By Lisa Twaronite

TOKYO (Reuters) – Asian shares shrugged off weak U.S. data overnight that raised concerns ahead of Friday’s key employment figures, and logged gains on Thursday as investors covered positions ahead of the Easter holidays.

European bourses were expected to follow suit, with financial spreadbetters calling Britain’s FTSE 100 (.FTSE) to open flat to 1 point higher, or up 0.01 percent; Germany’s DAX (.GDAXI) to open 27 points higher, or up 0.2 percent; and France’s CAC 40 (.FCHI) to open 12 to 13 points higher, or up 0.3 percent.

“The performance of Europe’s markets, which continue to look fairly well-supported, as well as trading at multi-year highs, stands in contrast to the weakness currently being seen in U.S. markets,” Michael Hewson, chief market analyst at CMC Markets, said in a note.

Most U.S. markets will be closed on Friday, with some European markets closed Friday through Monday and reopening on Tuesday.

MSCI’s broadest index of Asia-Pacific shares outside Japan was up about 0.6 percent, ignoring a weak performance overnight on Wall Street.

Australian shares (.AXJO) finished up 0.7 percent, on growing expectations that the Reserve Bank of Australia will announce its second rate cut of 2015 when it meets on Tuesday, the first trading day after markets close for the Easter long weekend.

Japan’s Nikkei stock average (.N225) ended 1.5 percent higher, after skidding to a three-week low in the previous session.

“Hedge funds are seen covering their short positions as the Nikkei fell sharply this week,” said Norihiro Fujito, senior investment strategist at Mitsubishi UFJ Morgan Stanley Securities.

Friday’s non-farm payrolls are expected to show an increase of 245,000 jobs in March, following a gain of 290,000 in February, according to economists polled by Reuters.

But on Wednesday, the ADP National Employment Report showed that U.S. private employers added 189,000 jobs last month, falling well short of economists’ expectations for a rise of 225,000 jobs. The figure was the weakest since January 2014.
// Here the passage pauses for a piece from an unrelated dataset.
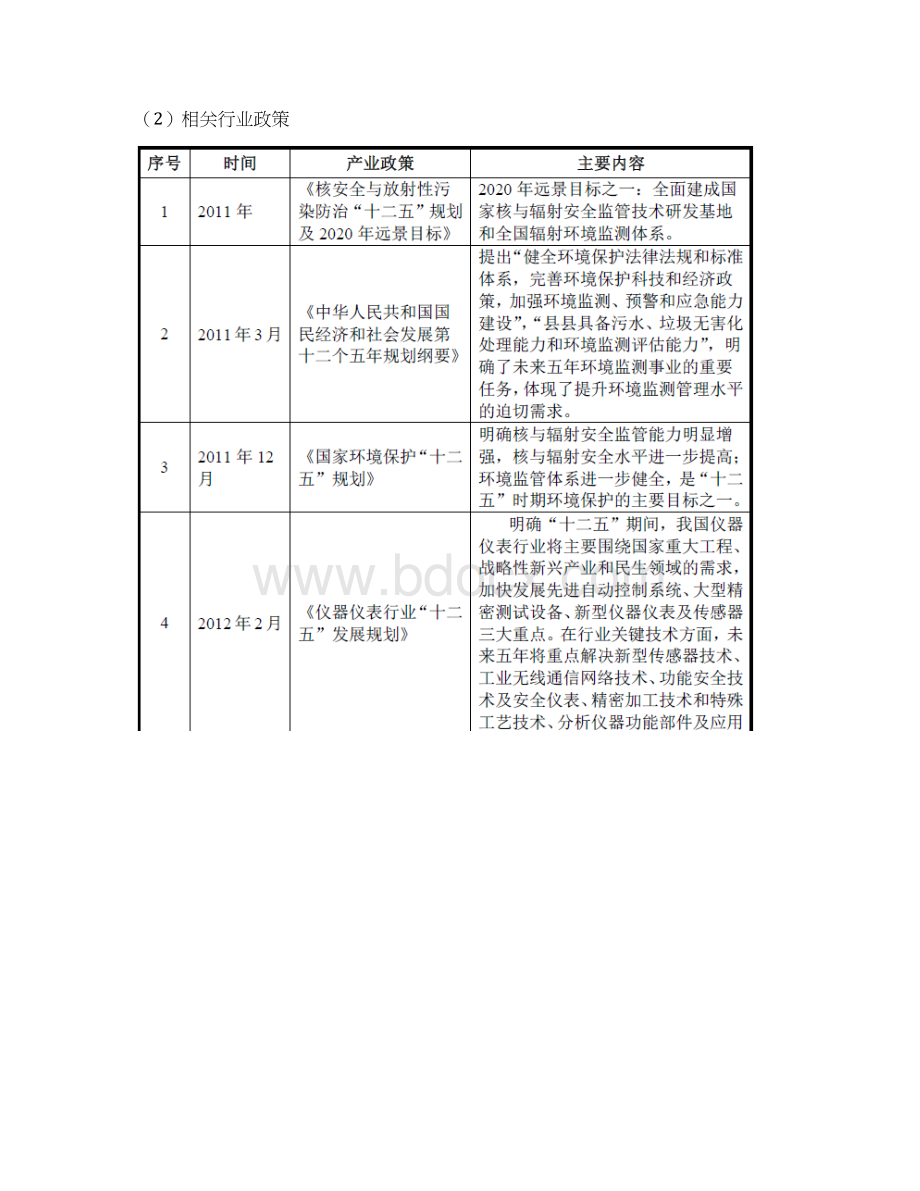 环境监测行业简析.docx_第3页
Separate data on Wednesday showed the pace of U.S. manufacturing growth in March slowed to its slowest in nearly two years.

The dollar slumped after the data as it reinforced concerns that the currency’s recent rally has weighed on exports. The data also raised bets the Federal Reserve might not hike interest rates until late 2015.
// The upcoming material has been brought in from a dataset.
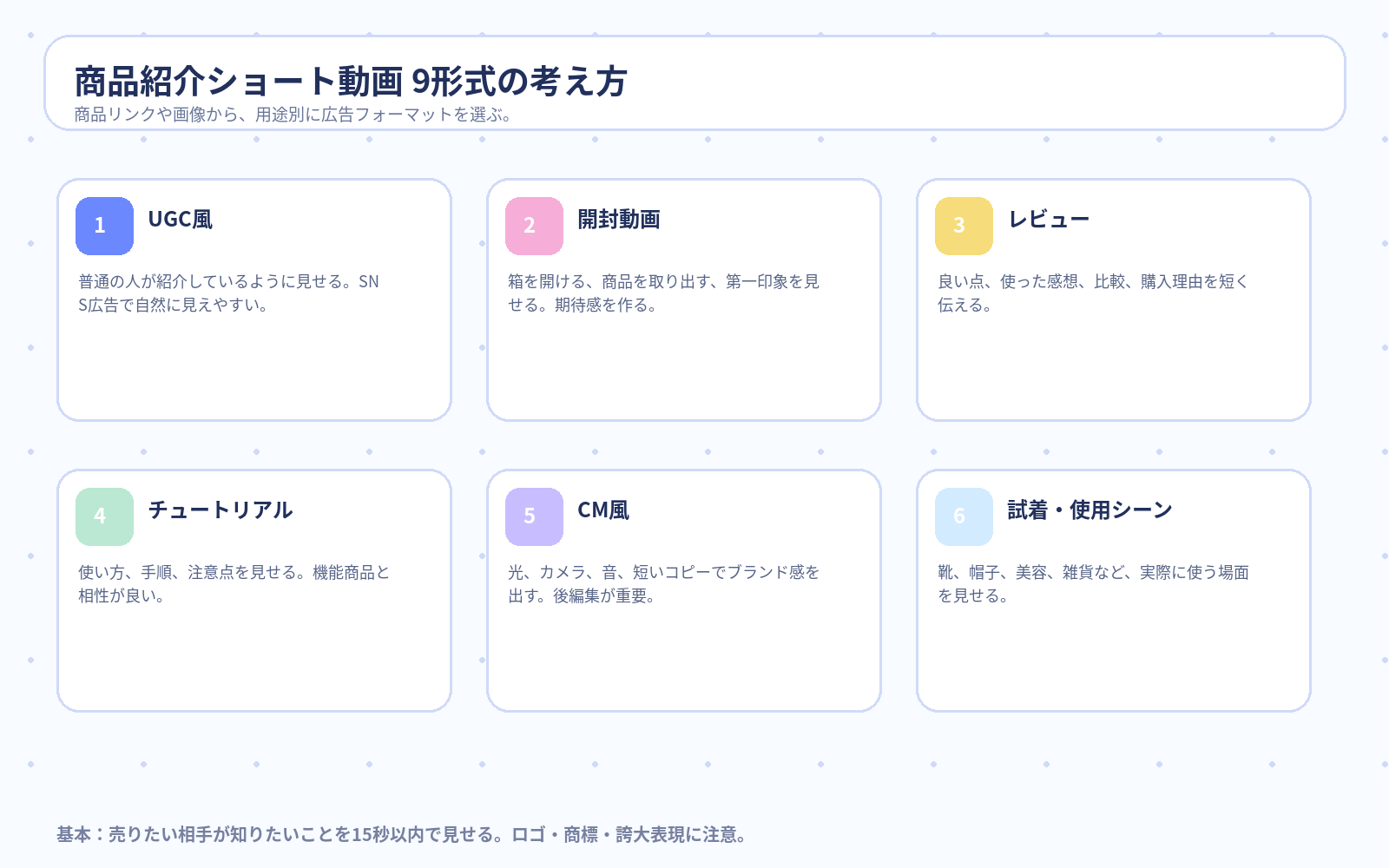 Day7後半 商品紹介ショート動画 9形式の考え方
“Right now the market’s worry is the Fed showing concern about a strong dollar, and the data only compounded such fears,” said Masashi Murata, senior currency strategist at Brown Brothers Harriman in Tokyo.

“Even if Friday’s non-farm payroll number is decent – it could come in around 250,000 – that might not dispel strong dollar concerns. That is why there isn’t much bargain hunting for the dollar,” he said.

The greenback was down about 0.2 percent on the day at 119.57 yen (JPY=), while the euro added about 0.2 percent to $ 1.0787 (EUR=).

The euro was bolstered by Wednesday’s data showing manufacturing activity across the euro zone is accelerating.

Oil prices were off their session lows but still down on the day, giving back some of the sharp gains made in the previous session after U.S. crude output fell for the first time in two months and the government announced a smaller-than-feared rise in weekly stockpiles.

U.S. crude futures (CLc1) shed about 0.9 percent to $ 49.66 (33 pounds) after surging more than 5 percent on Wednesday. Brent (LCOc1) was down 0.6 percent at $ 56.76 after closing up 3.6 percent.

Gold (XAU=) hovered slightly above $ 1,200 an ounce, clinging to gains from the prior session when it rose the most in two months on the weak U.S. economic data.